▸ DATASET EXCERPTS
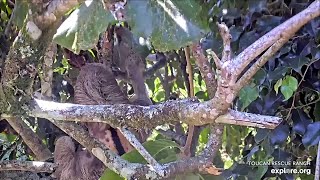 The three toed sloth with the amputation in rehab trees 🦥  032424  SlothTV via exploreorg [upl. by Annairol588]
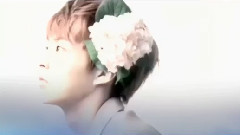 EXO,EXO-M,EXO-K - 亚洲巡回演唱会后援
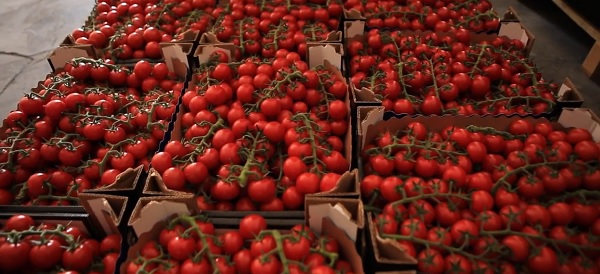 Pomodori, in Sicilia si teme l'avanzata del prodotto estero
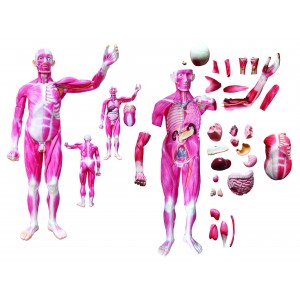 http://www.yuantech.de/276-604-thickbox/ya-102-life-size-whole-body-muscle-model-with-inner-organs-29-parts.jpg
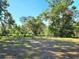 Spacious backyard with lush green grass and mature trees, providing a serene and private outdoor setting at 12121 Wildbrook Dr, Riverview, FL 33569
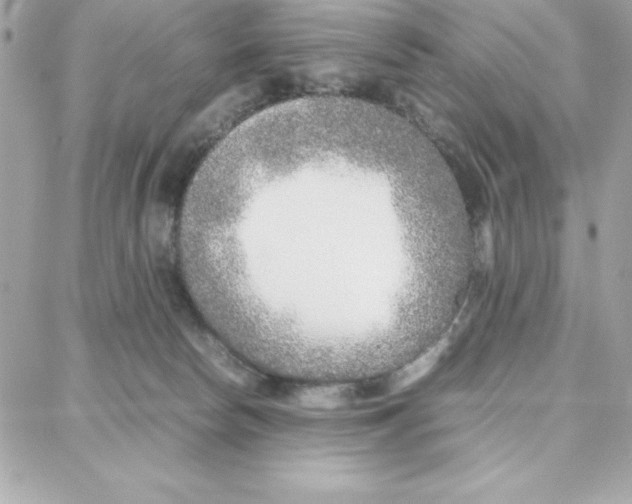 X0000087750178200706041110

▸ WORK REQUEST
In your answer, copy exactly the lines running from the line with "Spacious backyard with" to the end of the material above, both included, and omit all pictures.

▸ YOUR SOLUTION
 Spacious backyard with lush green grass and mature trees, providing a serene and private outdoor setting at 12121 Wildbrook Dr, Riverview, FL 33569
 X0000087750178200706041110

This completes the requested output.